Österreich

In Wien sitzen in Integrationsklassen bis zu 30 Schüler

Glattauer gibt Noten. Heute: "Volle Klassen, frustrierte Lehrer". "Warum die Ziffernnoten weg gehören" und "Es ist gut, wenn man genügend kann".
Niki Glattauer
10.09.2023, 16:41

"Bestmöglich": volle Klassen, frustrierte Lehrer

Blutgeld – oft ist es nur ein Wort, das Bände spricht. Auch im Mikrokosmos Schule. So versuchte Wiens Bildungsdirektor, negative Folgen für Kinder durch den Lehrermangel kunstvoll so zu verneinen: "Jedes Kind bekommt den bestmöglichen Unterricht." Wie bestmöglich in der Praxis aussieht, zeigen mir Mails von der Front.

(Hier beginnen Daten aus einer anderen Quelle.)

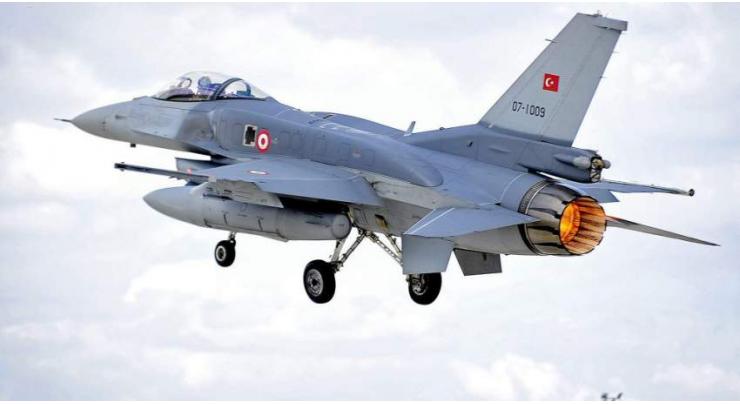 Turkish F-16 Fighter Jets Violate Greek Airspace Over Aegean Sea - Reports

• Überfüllte Klassen: In Wien sitzen sogar in hochheiklen Integrationsklassen bis zu 30 Schüler (Adressen bekannt) – für die Kinder absolut unzumutbar!

• Überfordertes Personal: In NÖ (Schule bekannt) bekam eine Einsteigerin eine "Spezial-Gruppe" umgehängt: "Autisten, Schüler mit Aggressionsstörungen, alles Kinder, die aus regulären Klassen entfernt wurden, und ich habe nicht die geringste Ausbildung dafür."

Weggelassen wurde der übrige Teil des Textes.